Many women express attachment to their uterus, under the misconception that the uterus is what makes them feel like a woman. To clarify, the uterus has one, maybe two important functions for a woman. First and foremost, it is an incubator—a warm, nurturing place for a baby to grow. Its questionable second function is to remind you that it’s an incubator, by bringing you your monthly period! However, when it comes to feeling like a woman, in terms of having well-rounded breasts and vaginal lubrication, your uterus is not responsible. Your ovaries are responsible for the maintenance of these feminine characteristics by producing hormones. In the case that a hysterectomy (without removal of the ovaries) is indicated, lasting side effects are limited once the woman has healed. For women who are pre-menopausal, they will no longer be able to carry a child and will not have a monthly period. However, it is important to note that a woman will not go into full menopause if the ovaries are left intact. In cases where hysterectomy with removal of the ovaries is indicated (e.g., some cancer cases), a pre-menopausal woman will experience acute onset of menopause symptoms, which may include: hot flashes, night sweats, increased emotional lability, vaginal dryness, decreased sex drive, osteoporosis, pain during sex (dyspareunia) and decreased genital sensation.

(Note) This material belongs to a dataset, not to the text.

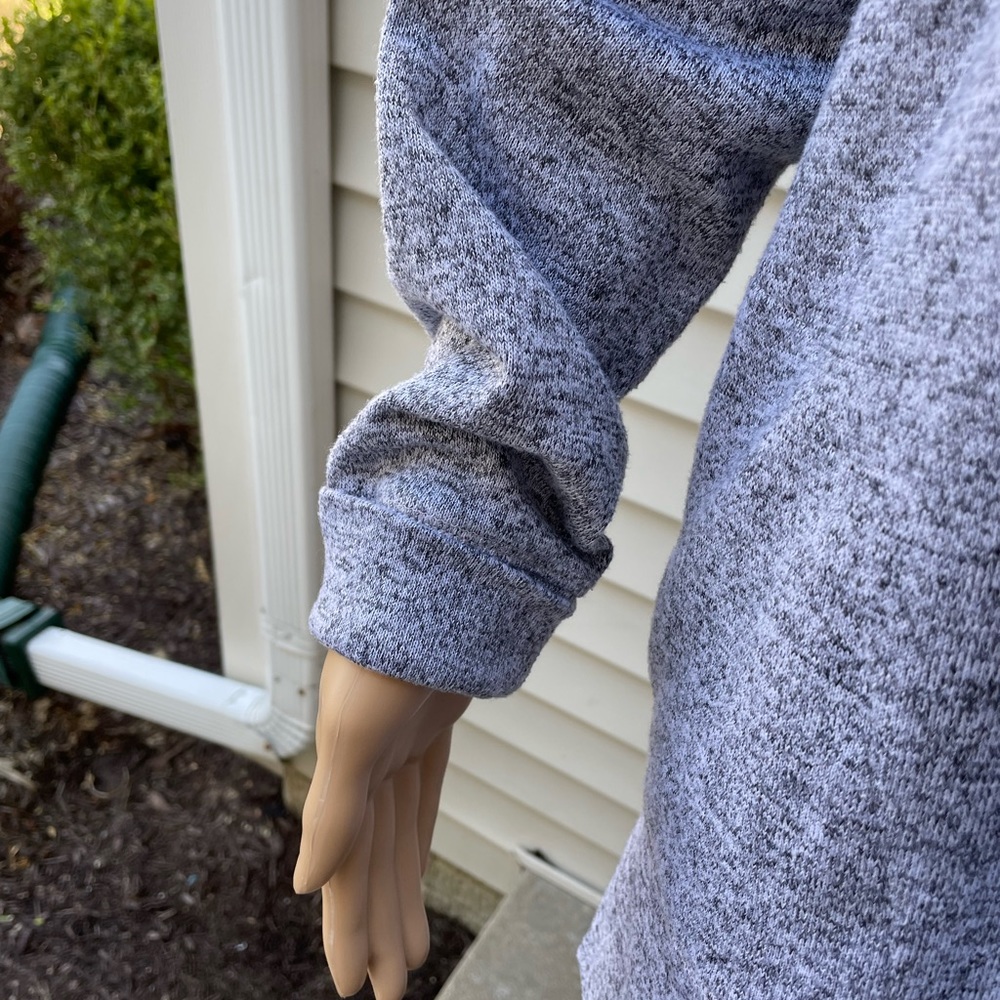 Old Navy Gray Large Funnel-Neck Sweater Long Sleeves Oversized Extra Long Large - Picture 9 of 15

With that said, there are lots of medical reasons to consider a hysterectomy, or removal of the uterus. For cervical, uterine and ovarian cancer, hysterectomy is often a treatment option that is seriously considered, but varies on an individual woman’s circumstances (e.g., of child bearing age, intent to reproduce, etc.). For conditions such as fibroids, endometriosis, heavy menstrual bleeding and pelvic pain, a hysterectomy is one of many options. While hysterectomy may be an option with the proper indications, there are many other non-surgical or less invasive procedures that a woman can choose from during an informed consent with her gynecologist or gynecological oncologist. Options include ongoing monitoring with your doctor, medications, hormone therapy, focused ultrasound, and other surgical procedures based on your particular issue and circumstances. Essentially, hysterectomy is no longer the primary answer for these wide ranging gynecological issues, so it is important to discuss your concerns and your options with your physician.